━━ DATA PROVIDED
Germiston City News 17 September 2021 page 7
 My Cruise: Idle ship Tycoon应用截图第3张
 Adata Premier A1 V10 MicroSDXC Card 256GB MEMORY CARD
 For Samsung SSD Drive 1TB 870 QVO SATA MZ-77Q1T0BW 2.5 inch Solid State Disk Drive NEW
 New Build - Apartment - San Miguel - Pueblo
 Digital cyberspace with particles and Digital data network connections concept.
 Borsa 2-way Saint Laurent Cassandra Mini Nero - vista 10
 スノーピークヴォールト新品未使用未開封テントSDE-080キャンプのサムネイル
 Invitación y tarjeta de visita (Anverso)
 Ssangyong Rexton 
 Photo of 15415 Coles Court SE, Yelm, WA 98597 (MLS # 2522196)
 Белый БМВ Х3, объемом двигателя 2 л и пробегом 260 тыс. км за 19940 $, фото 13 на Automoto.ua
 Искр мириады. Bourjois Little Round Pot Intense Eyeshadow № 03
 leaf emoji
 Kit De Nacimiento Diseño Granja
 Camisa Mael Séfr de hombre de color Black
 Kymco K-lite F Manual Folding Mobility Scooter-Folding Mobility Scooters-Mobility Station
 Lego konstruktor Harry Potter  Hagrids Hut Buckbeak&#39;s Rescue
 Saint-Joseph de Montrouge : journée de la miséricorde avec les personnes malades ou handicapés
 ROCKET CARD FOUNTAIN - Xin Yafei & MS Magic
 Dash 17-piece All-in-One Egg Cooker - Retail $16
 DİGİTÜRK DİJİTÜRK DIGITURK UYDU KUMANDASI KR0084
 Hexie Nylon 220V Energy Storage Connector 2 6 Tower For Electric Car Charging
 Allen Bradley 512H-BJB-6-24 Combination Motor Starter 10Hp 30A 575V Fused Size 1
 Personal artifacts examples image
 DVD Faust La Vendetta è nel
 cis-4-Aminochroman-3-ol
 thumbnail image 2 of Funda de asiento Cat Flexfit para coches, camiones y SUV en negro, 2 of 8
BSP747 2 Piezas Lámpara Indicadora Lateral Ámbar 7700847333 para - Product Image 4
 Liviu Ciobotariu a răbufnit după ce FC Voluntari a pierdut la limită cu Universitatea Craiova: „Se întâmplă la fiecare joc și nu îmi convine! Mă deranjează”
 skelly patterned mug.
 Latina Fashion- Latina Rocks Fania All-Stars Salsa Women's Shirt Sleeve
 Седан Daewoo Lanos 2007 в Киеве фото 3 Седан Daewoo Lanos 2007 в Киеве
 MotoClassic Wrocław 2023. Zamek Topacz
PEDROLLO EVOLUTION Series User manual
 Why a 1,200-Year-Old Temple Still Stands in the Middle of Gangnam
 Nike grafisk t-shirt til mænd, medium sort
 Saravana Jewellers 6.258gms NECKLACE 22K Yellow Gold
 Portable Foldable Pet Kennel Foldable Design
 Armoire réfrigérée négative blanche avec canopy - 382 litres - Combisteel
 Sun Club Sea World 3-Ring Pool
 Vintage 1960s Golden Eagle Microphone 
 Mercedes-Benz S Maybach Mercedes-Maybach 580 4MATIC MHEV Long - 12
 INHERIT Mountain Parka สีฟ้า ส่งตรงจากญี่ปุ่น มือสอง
━━━━
** ABOUT THIS TASK **
Would you retype the lines of the data above, from the one holding "Portable Foldable Pet Kennel Foldable Design" through its final line, exactly and without adding any other line?

** RESPONSE **
 Portable Foldable Pet Kennel Foldable Design
 Armoire réfrigérée négative blanche avec canopy - 382 litres - Combisteel
 Sun Club Sea World 3-Ring Pool
 Vintage 1960s Golden Eagle Microphone 
 Mercedes-Benz S Maybach Mercedes-Maybach 580 4MATIC MHEV Long - 12
 INHERIT Mountain Parka สีฟ้า ส่งตรงจากญี่ปุ่น มือสอง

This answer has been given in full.